Congress creates contrived outrage over “torture”

Following the contrived outrage over the AIG bonus scandal, which many politicians knew about well in advance, the next phony outrage story is over alleged “torture” of terrorist prisoners by waterboarding.

Congress, led by President Obama, is doing a fine job of manufacturing outrage over something they were briefed on dozens of times.

Fox News reports:

Republicans, hoping to turn the tables on Democrats who are open to prosecuting Bush-era lawyers for justifying “enhanced” interrogation techniques, are seeking to reveal the names of those lawmakers who were briefed on the tactics as much as seven years ago.

FOX News has learned there were more than 30 meetings and briefings with members of Congress on the subject since 2002.

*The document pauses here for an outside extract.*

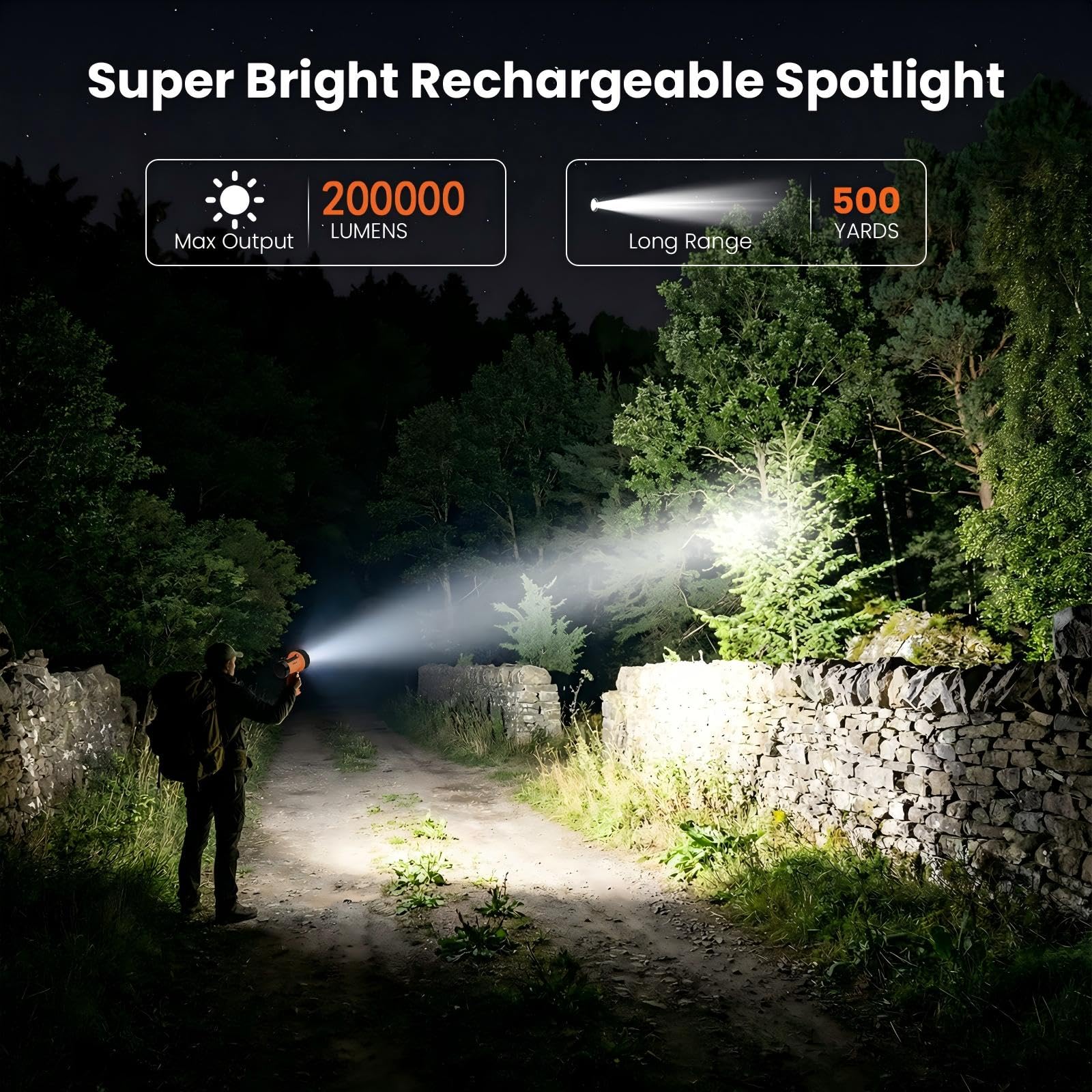 YIERBLUE Spotlight charging port close-up for quick USB-C top-ups during trips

The first such briefing dealt with the interrogation of Abu Zubaydah, the Al Qaeda operations chief who ran the training camps in Afghanistan where the Sept. 11 hijackers were trained. Sources said California Rep. Nancy Pelosi, now the speaker of the House, attended the meeting with then-Rep. Porter Goss, R-Fla. (who later became CIA director), and she did not raise any objections.

The briefings were given to the chairmen and ranking members of the intelligence committees in the House and Senate until 2006. That could cover Sen. John Rockefeller, W.Va., and Rep. Jane Harman, Calif., both Democrats, as well as Sen. Pat Roberts, Kan., Sen. Lindsey Graham, S.C., Sen. Richard Shelby, Ala., and Rep. Pete Hoekstra, Mich., all Republicans.

Defenders of the interrogation program note that if Congress had wanted to kill the program, all it had to do was withhold funding, which didn’t happen.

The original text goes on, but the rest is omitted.